Yates’s strength is an ability to counterpoint scenes of wit/banter with emotionally compelling ones. Yates’s verbal sparring is used to reveal and develop character. It’s also incredibly fun! When Chase and Anna first consider fake-dating, Anna responds with “I’m not your type,” to which Chase retorts, “You could be. A little less grease, a little more lipstick.” Chase convinces Anna to accept his terms and go for the feminine make-over. He tells her, “By the time I’m through with you, you’ll be able to get any date you want.” Miss B. LOVED Anna’s retort for its sheer allusionary power: “She blinked. ‘Are you … Are you Henry Higginsing me?’ ” When Anna shed baggy overalls and donned dress and heels, Miss Bates thought her response to her mirror-image a hoot, ” ‘I look like the woman symbol on the door of a public restroom.’ ” And yet, there’s a sadness there too, isn’t there? Anna’s sexual shyness is wittily rendered in “She was blushing like a beacon. She could probably guide ships in from the sea.” Anna’s response to wearing heels for the first time, ” ‘I feel like a newborn baby deer.” Anna gains sexual and emotional self-assurance, distinguishes her needs, wants, desires, and is able to enjoy the body and give of the heart. Chase, on the other hand, falls apart under the onslaught of his feelings for Anna. How she calls him on his cowardice and he finds the way back to his heart’s desire makes for the novel’s equally great second half.
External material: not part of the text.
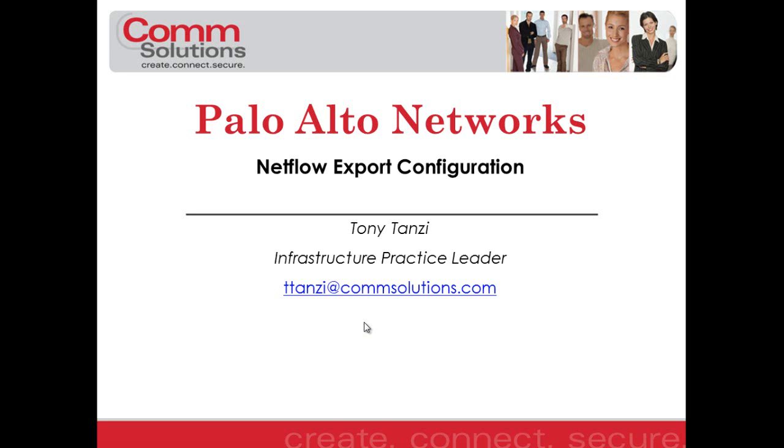Hello, everyone. This is Tony Tanzi, Infrastructure Practice Leader with ComSolutions Company. In this Palo Alto Tech Tip video, we're going to look at the configuration for NetFlow export.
Maybe the premise is tired, maybe overdone, but the execution is worth every moment of your reading time, dear reader. It’s a snippet of a book, but it pulls an emotional punch and furnishes snort-guffaws too. Misses Bates and Austen say that in Maisey Yates’s Take Me, Cowboy, “there is no charm equal to tenderness of heart,” Emma.
Maisey Yates’s Take Me, Cowboy is published by Harlequin. It was released on April 5th and is available at your preferred vendors. Miss Bates received an e-ARC from Harlequin, via Netgalley.